In Jamaica, disputes of the kind to which Mr Chuck referred are called fighting over “ded lef” (what is left by the dead), which the justice minister recently said fuelled not only quarrels but actual violence.
“Nothing creates more violence, grievances, conflicts, and death, than ded lef,” Mr Chuck said in Montego Bay last week at a function promoting the work of the Administrator General’s Department.
“.... People are fighting over what they never expect; fighting over what they believe they should get; people fighting over what they think that the deceased person should have left for them,” he added.

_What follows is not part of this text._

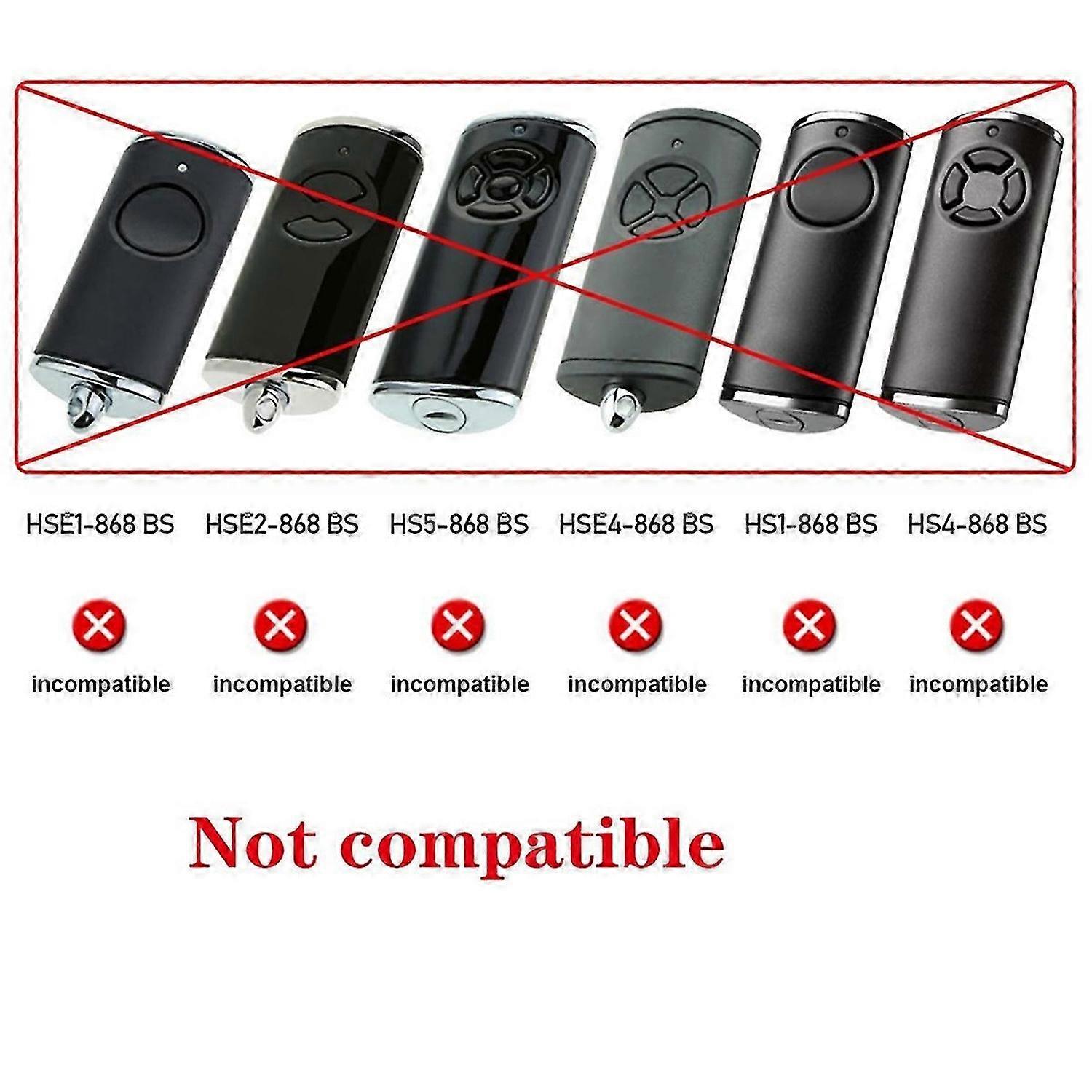 2 Pack Garage Door Remote Control Transmitter for HSM4-868 HSE2-868 HS4-868 HSM2-868 868MHz Gate Ope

In May, Mr Chuck reported to Parliament that the administrator general, who oversees probates and administers the estates of people who die without leaving wills, had more than J$50 billion (US$322 million) under management, largely because of disagreements between the beneficiaries. Many of these quarrels stretch back several years.
In one case, an estate worth over J$800 million, or nearly two per cent of administrator general’s portfolio, is in limbo because beneficiaries can’t agree how to share the spoils.
MEDIATION
Mr Chuck suggested that to perverse the value of estates, the Administrator General’s Department become far more aggressive in forcing people into mediation, and where necessary, use the power of the office to monetise the property.

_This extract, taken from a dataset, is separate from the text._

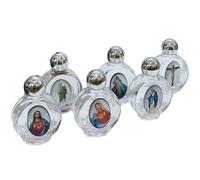 6 fiaschette in vetro intricato con coperchio in metallo per cerimonie spirituali essenziali artefatto devozionale dispenser d'acqua nave da viaggio religiosa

“Especially with an estate that has real property, my instruction is rather than allowing the real estate to deteriorate, sell the real estate, collect the funds and then distribute it at the end of the day,” he told this newspaper.
This newspaper agrees with Mr Chuck, although he, and the Administrator General’s Department, should be prepared for the increased legal challenges that will accompany such moves.
We are also sympathetic to, though not fully embracing of, the idea he floated that writing wills should probably be a legal obligation, which, according to the minister, is a requirement of all members of the military.
Not only would such a law be difficult to administer and enforce in the wider population where military law does not apply, but would raise serious questions about infringement of people’s constitutional right to privacy. The issue would be whether this remedy to the problems highlighted by Mr Chuck could meet the test of being “demonstrably justified in a free and democratic society”. We think not.
In this regard, Mr Chuck’s alternative of starting by encouraging workers generally, but those in the public sector in particular, to prepare wills, seems more practical.
“It may well be that the Government and permanent secretaries should be told to encourage staff – not to force them like the JDF because people have options – but it would be good to just tell them to make a simple will,” he said.
Although hard data on the question are not available, Jamaicans, including educated ones who have accumulated some wealth, are seemingly reticent about preparing wills – perhaps because it draws attention to their mortality.
ISN’T UNIQUE
The issue of a lack of estate planning, however, isn’t unique to Jamaica. A survey in the UK earlier this year showed half of adult Britons didn’t have wills. That was the case with one in three (a third) people 55 and older.
In the United States the data, from varying sources, is uneven, but the majority of adults appear not to have estate plans. A 2021 poll by the Gallup organisation found that 46 per cent of adult Americans had wills, down from 51 per cent in 2005. However, a survey this year by an organisation that provides referral services for homes that provide assisted living for the elderly, found that only 34 per cent of Americans had estate plans, although 64 per cent believed that people should have wills. Similarly, half of Canadians, including 20 per cent of those over 55, are without wills.
In our case, Mr Chuck’s ministry and the Administrator General’s Department should engage in a public information campaign on the logic and efficacy of having wills, not least being its potential to help maintain family cohesion.
At the same time, large swathes of Jamaicans control property, mostly with respect to multigenerational family land and home, which they don’t formally own. They don’t hold titles – the gaining of which is a tedious, complex and expensive process in Jamaica. Successive administrations have, for half a century, promoted schemes to deliver titles to people. These programmes have been slow and often log-jammed. That needs to change.
Over two decades ago, the Peruvian developmental economist, Hernando de Soto, pointed out the poor people held trillions of dollars in resources globally which couldn’t be collateralised and transformed into wealth because of the lack of titles. Fixing that problem will ease poverty and make it easy to transfer wealth to future generations.
That might worsen Mr Chuck’s problem with wills. But it is a better problem to have than poverty.